OpenSpendingFootnote 13 (OS) is a platform to analyze open budget and spending datasets. The users can upload and annotate their CSV datasets in the OS platform. The whole platform consists of mainly a data store, API, platform utilities (e.g. conductor, status and incident notifications, command line interface, authorization client, monitoring tool), data packager, data viewer, data explorer, as well as Where-Does-My-Money-Go (an app for analyzing and visualizing tax allocation per taxpayer)Footnote 14. There is no linked data support in the OS platform and data representation and analytics are very limited. However, our work extends and integrates well with OS.

LinkedSpending [6] transforms the datasets available in the OS platform into the semantic format by following DCV specificationFootnote 15. There are several components collected, developed and integrated by the LinkedSpending platform, such as ontologies, datasets transformation application, datastore, error handler, web-based datasets browser and LinkedSpending-OS data synchronization tool. After conversion, the datasets can be browsed using faceted search, visualized using CubeVizFootnote 16 or queried using SPARQL. While LinkedSpending has provided the semantic layer and added necessary synchronizer to fetch and convert budget and spending datasets from OS, some other requirements for a semantic budgets and spending platform have not been met, such as unsupported-structure datasets import.

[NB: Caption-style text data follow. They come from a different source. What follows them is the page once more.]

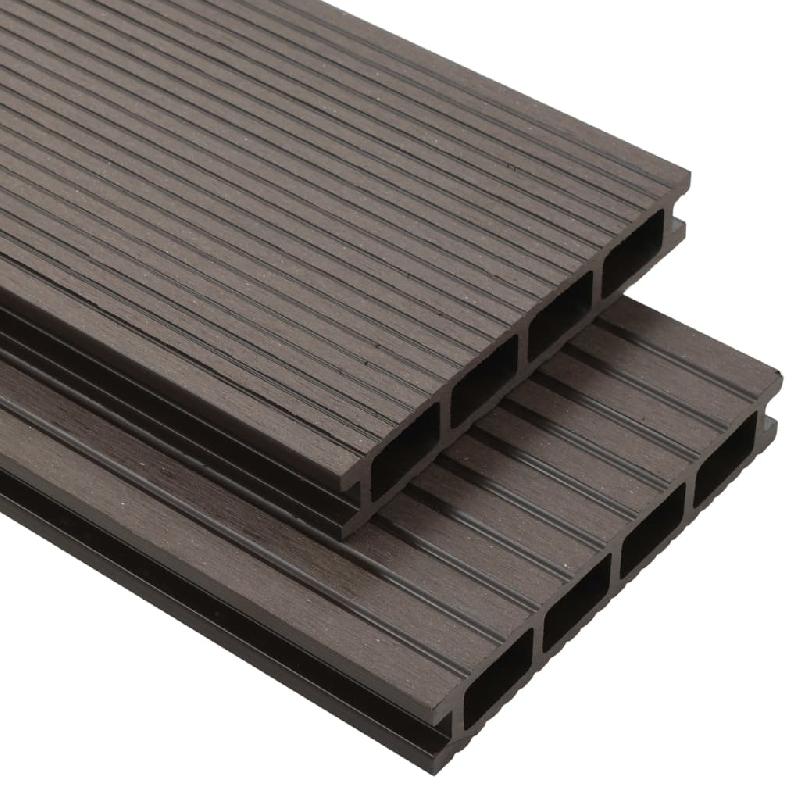 Vidaxl panneaux de terrasse creux wpc 10 m² 2,2 m marron foncé 275718_0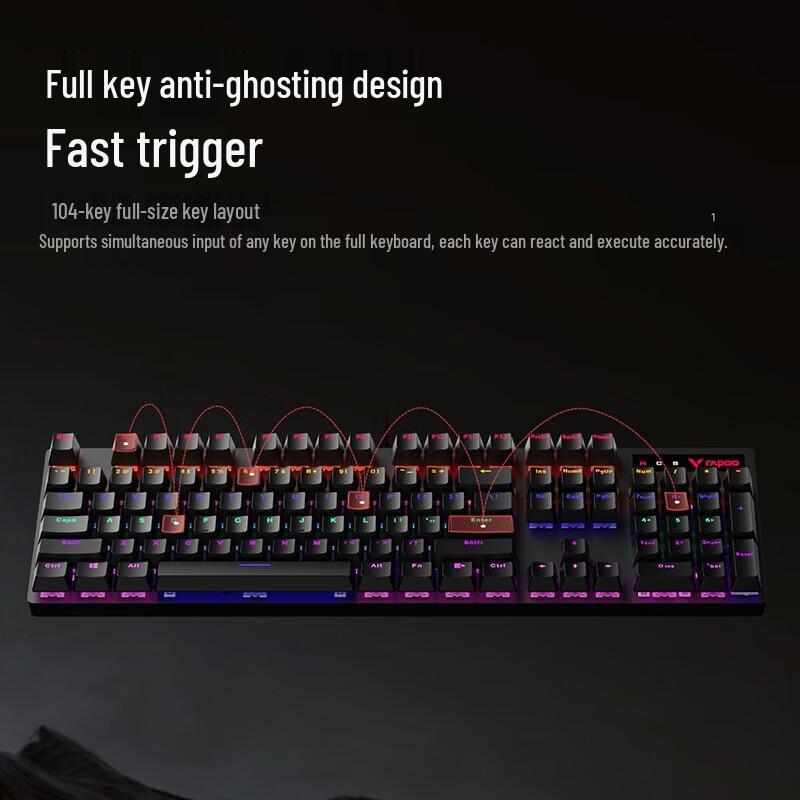 Rapoo V150S Upgraded Wired Backlit Mechanical Keyboard and Mouse Combo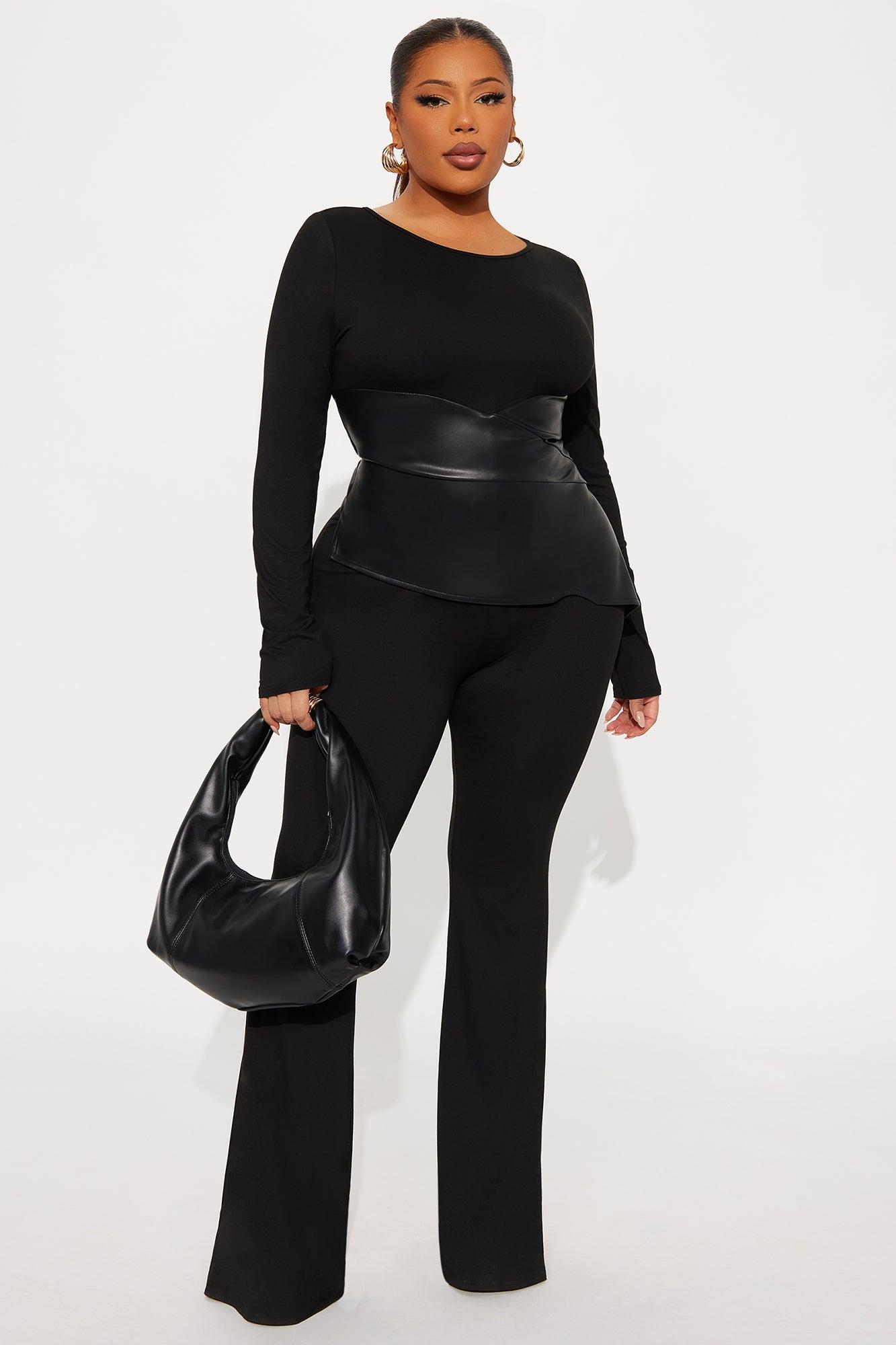 Skye Long Sleeve Corset Waist Jumpsuit - Black Female Product Image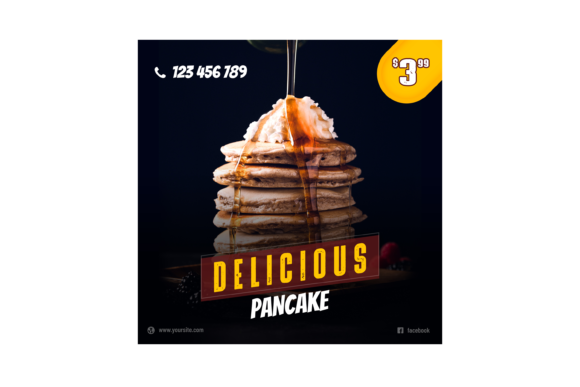 Delicious Pancake Instagram Template: Sweeten Your Feed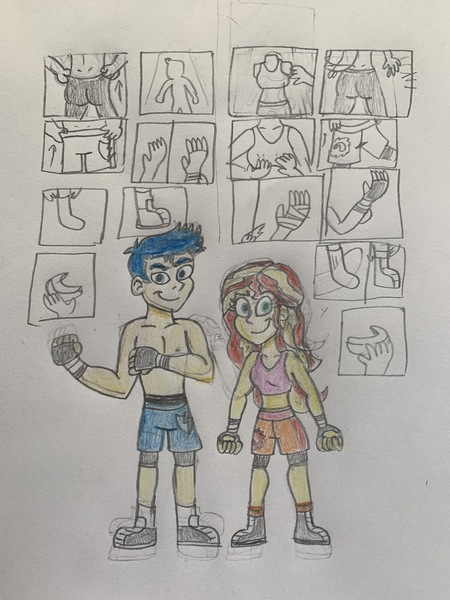 Size: 3024x4032 | Tagged: safe, artist:13mcjunkinm, derpibooru import, flash sentry, sunset shimmer, equestria girls, 2020, 2020s, bandage, boots, boxing boots, boxing bra, boxing shoes, boxing shorts, boxing trunks, clothes, colored, confident, cycling shorts, exeron fighters, exeron gloves, exeron outfit, fashion montage, female, fingerless gloves, flashimmer, gloves, gym shorts, handwraps, male, martial arts, martial arts kids, martial arts kids outfits, mma gloves, mouth guard, mouthguard, partial nudity, shipping, shoes, shorts, sketch, smiling, smiling at you, sneakers, socks, sports bra, sports shorts, straight, tanktop, tomboy, topless, traditional art, trunks, yellow skin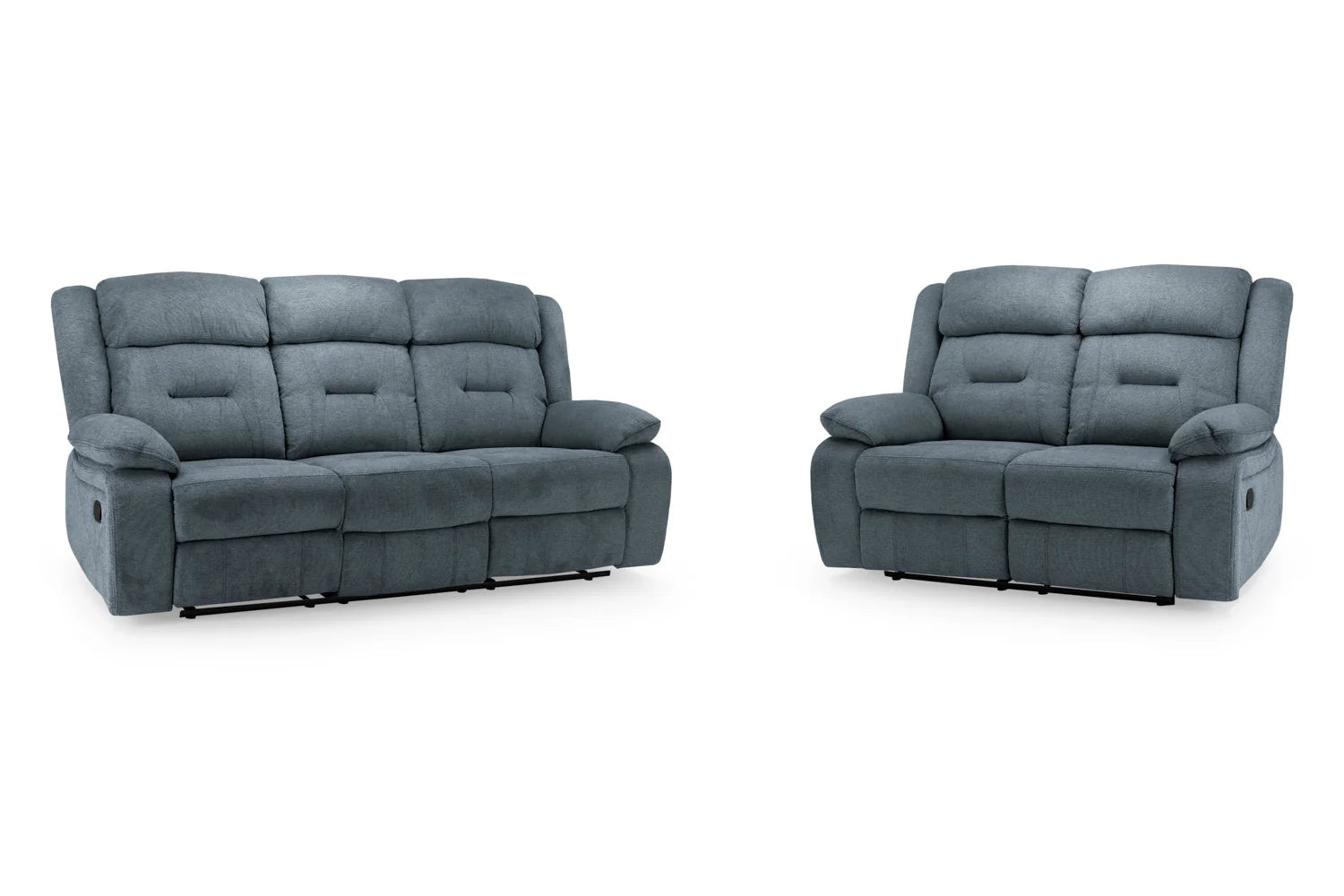 Novie Grey Fabric Manual Recliner Sofa 2-Seater 3-Seater and Armchair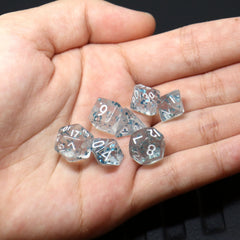 28pcs 4sets Acrylic Golden Foil Board Game Dice Polyhedral Table RPG Dice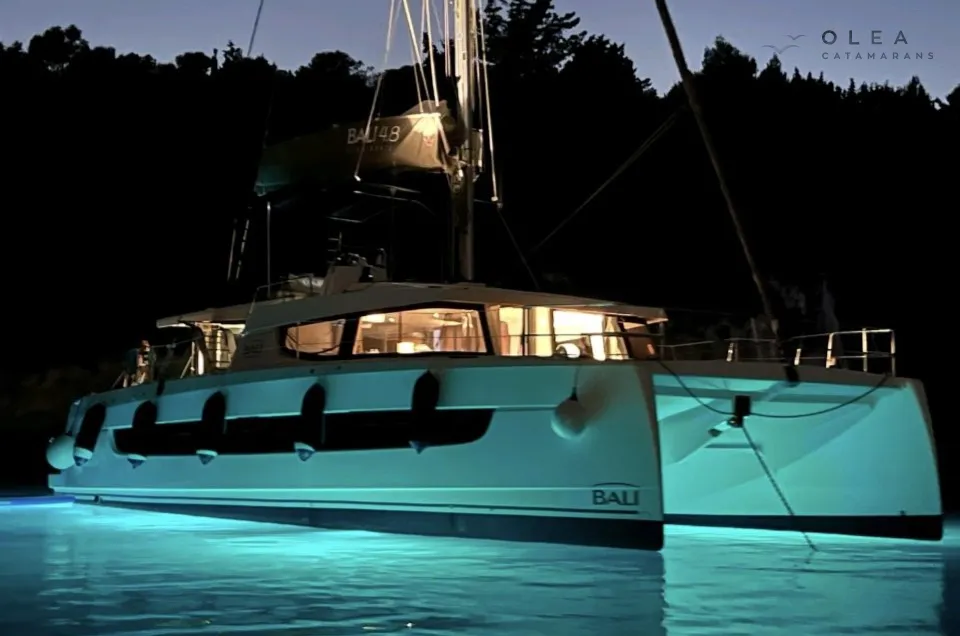 Exterior view of Olea, a Bali 4.8 catamaran at Municipal Unit of Lefkada, Greece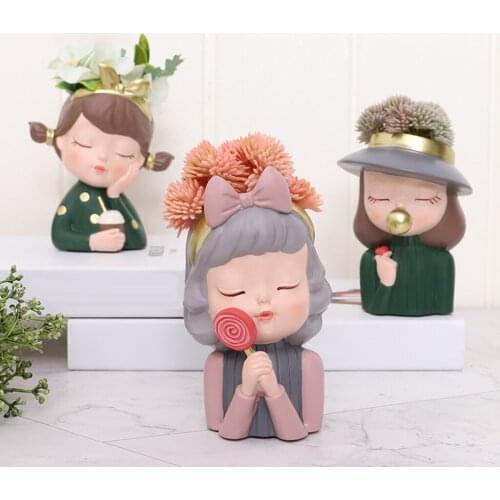 Small Cute Girl Resin Succulent Pots Flower Pot Bonsai Pot Heart gesture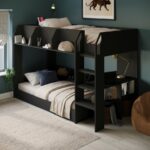 Black Bunk Bed with Storage Shelves - Image 5
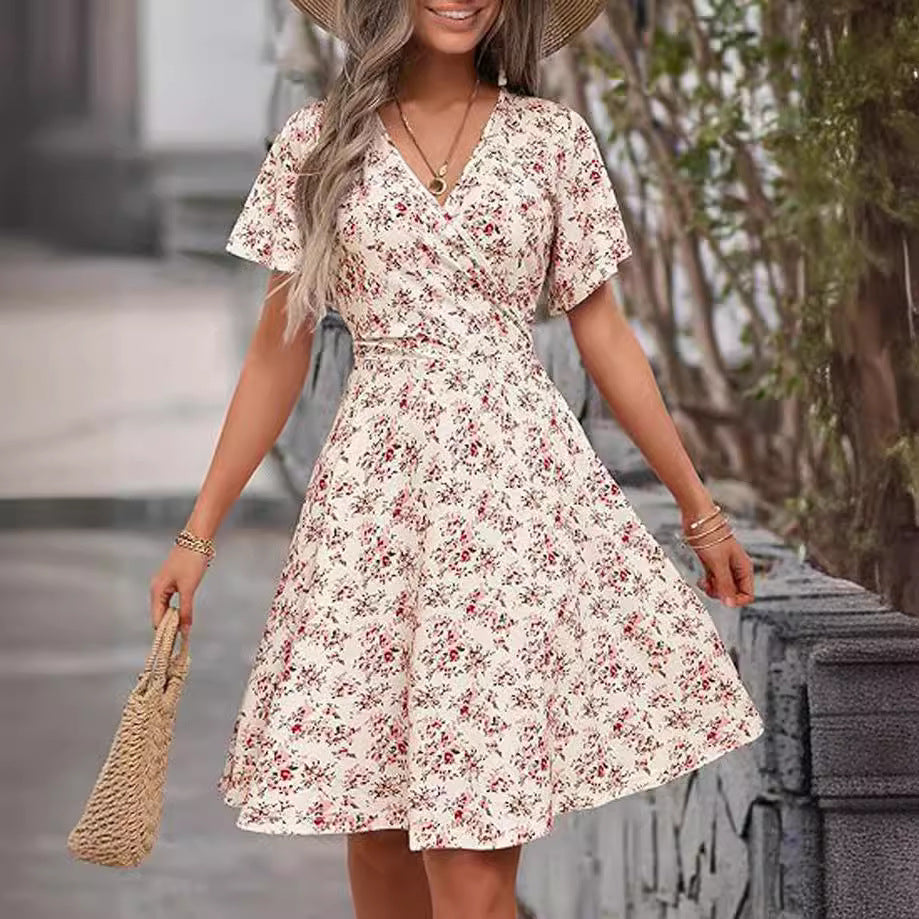 Damen florales Midikleid mit V-Ausschnitt und weit schwingendem Rock Sovae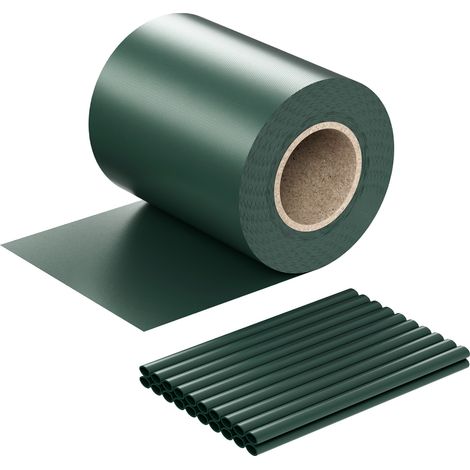 Wiltec Brise-vue en rouleau – vert – 35 m x 19 cm – en PVC 650 g/m² – avec 20 clips – Protection visuelle Pare-vue extérieur pour Clôture Jardin Terrasse (1/5)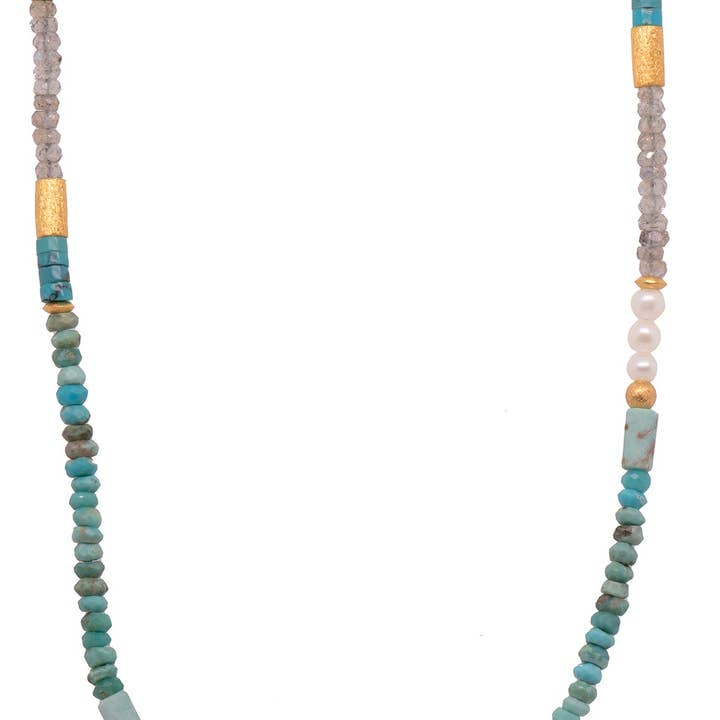 Turquoise, White Pearls , Labradorite, and Chrysocolla Necklace 24K Fair Trade Gold Vermeil for wholesale by Joyla Jewelry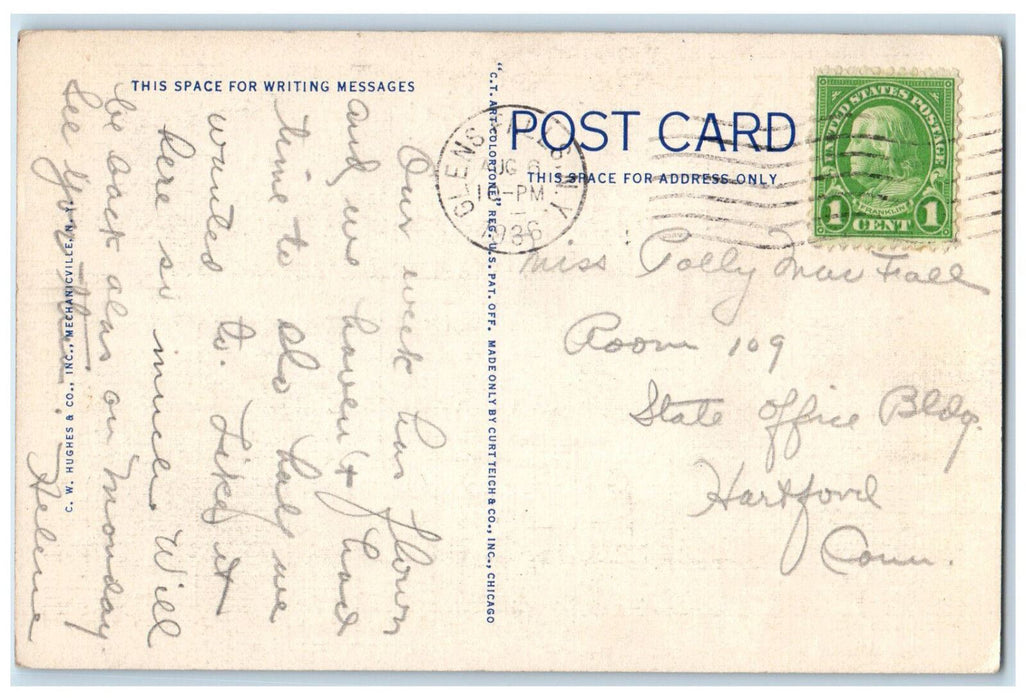1936 Boat Scene Sunset from Assembly Point Lake George New York NY Postcard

SocrataFootnote 17 provides an Open Data Portal platform intended specifically for the government on different levels (city, country, state, and federal state organizations) which includes several services: DataSpace (data storage, indexing and retrieval), Data Publishing, Data Discovery and Visualization, and Open Data API. Data supported in Socrata platform ranges from digital content (e.g., video), operational, geospatial, financial, and performance data. JunarFootnote 18 is an SaaS platform to publish Open Data in general Open Data domain. Junar offers Open Data collection, enhancement (through tables, charts, and maps), publishing (including API), sharing and analysis. OpenGovFootnote 19 offers an open data solution for public administrations, consisting of cloud-based open data publishing, visualization, financial tracking, and collaborative budget builder. WikiBudgetsFootnote 20 is an interactive visualization tool for open budget data. In contrast with OBEU platform, we are working specifically for public budget and spending platform with a strong emphasis on linked data. The implementation for the OBEU platform can be done independently if the public administrators have technical resources, since most of the tools utilized in the OBEU platform are documented and freely available, including the source code.

7 Conclusion

Through OpenBudgets.eu, a conceptual architecture and implementation of a budget and spending data platform are provided with the goal of simplifying the life cycle of such data. This implementation addresses the challenges and satisfies requirements related to the demanding open data life cycle. It integrates available relevant components and platforms in a micro-services architecture and extends them with extra tools providing additional linked data capabilities. The platform has been evaluated with real application scenarios, usability and performance tests. It is currently ready as an open source product that can be exploited by municipalities and easily re-deployed in various contexts.